Though now members of university staffs—Professor Schmitt at the University of Texas and Professor Burks at the University of Michigan—both authors have had years of experience in the State Department of the United States and still have close associates there, so that they have had unusual access to information on Latin America and its international relations. Readers who devote adequate attention to their preface will discover a convenient summary of its contents:
We begin by surveying broadly some basic ideas and attitudes of the Latin Americans toward their internal conditions and international relations. We then proceed to a discussion of social conditions and institutions, and to an outline of economic factors impinging most directly on politics. The heart of our work is a more detailed investigation of interest groups, political parties, and the interaction of these political forces. Most of the discussion is on an across-the-board basis; however, in several places, we have included brief studies of individual countries. Not all countries are covered in this manner, but the largest and most important are treated in each section, along with enough of the others to give full range of significant variations.
The authors frankly admit their preference for Latin America’s moderate leftists, contending (p. 173) that “in Latin America the best hope to avoid violence, bloodshed, and Castro-Communist type of take-over lies in the accession to power of the political parties of the non-Communist left—the social democrats and/or the Christian democrats.” Whether one agrees or not with this and some other contentions and statements, these young scholars have produced a very informative and significant book.

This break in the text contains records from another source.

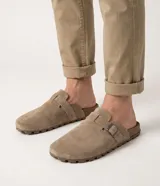 Ojota mule masculina de cuero con acabado de gamuza, diseño cerrado al frente y abierto en el talón. Cuenta con tira lateral con hebilla metálica ajustable y suela dentada de goma.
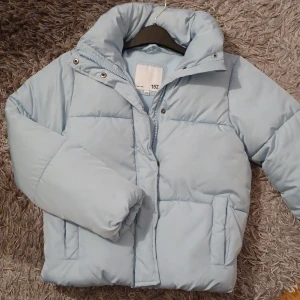 Ljusblå pufferjacka från 157 - Säljer en ljusblå pufferjacka från lager 157 med hög krage och dragkedja framtill 💙 Stl 140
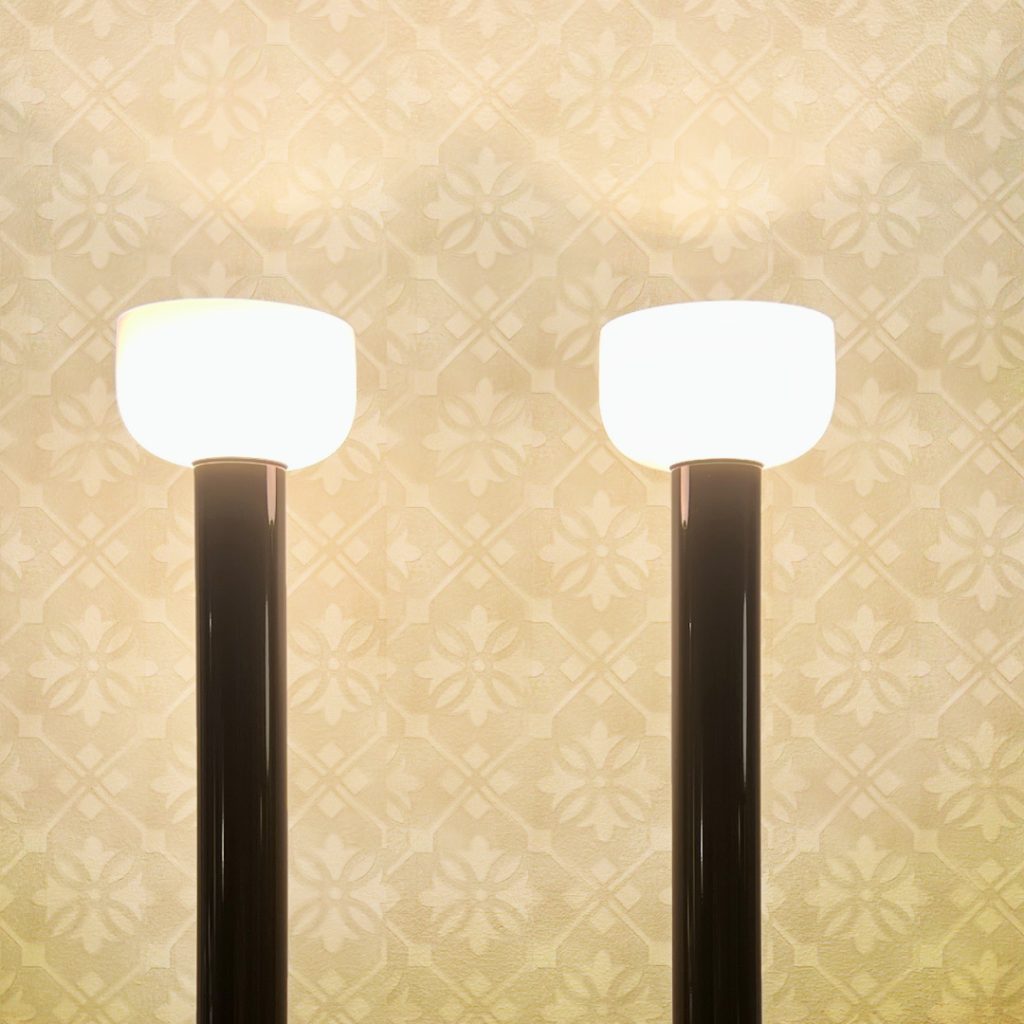 Two modern lamps against a textured floral wall, depicting an unrefined space before transformation.
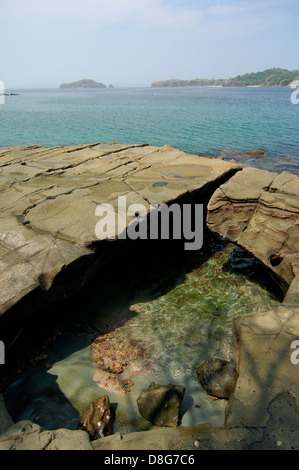 Flat rocks in Contadora island shore Stock Photo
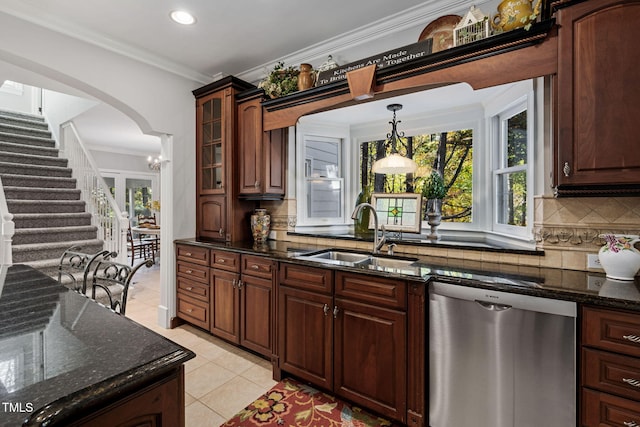 kitchen with dark stone counters, sink, stainless steel dishwasher, and plenty of natural light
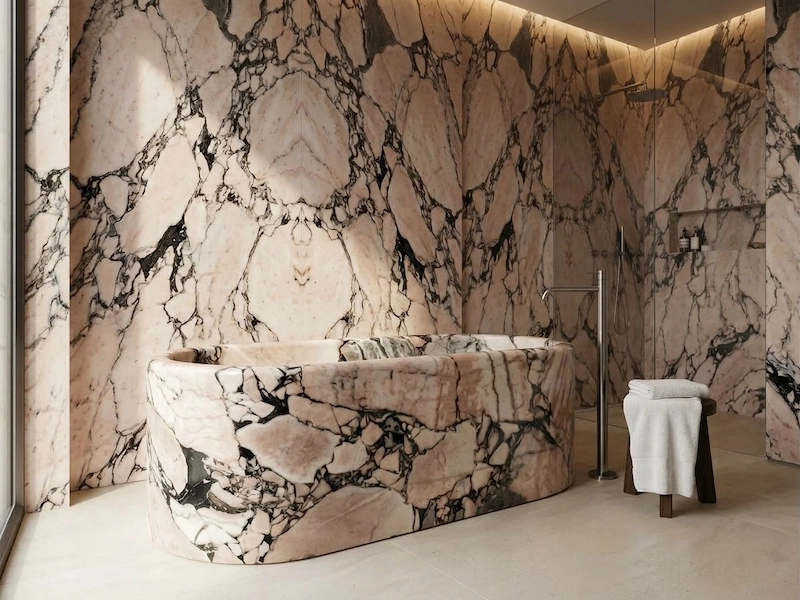 Architectural design visualization of a Calacatta Viola marble oval freestanding bathtub in a stone-clad bathroom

It is not, however, a book that can be fully grasped after one or two hasty perusals. It is primarily a volume for specialists in this field; but it should become a book of reference for responsible citizens. It is a combination of economics, social psychology, and politics and is filled with interpretations, conclusions, and predictions as well as historical facts as the authors comprehend them.
Although a few significant works are missing, the bibliography, on the whole, is useful and fairly adequate. There are no footnote references to sources and the index is by no means exhaustive.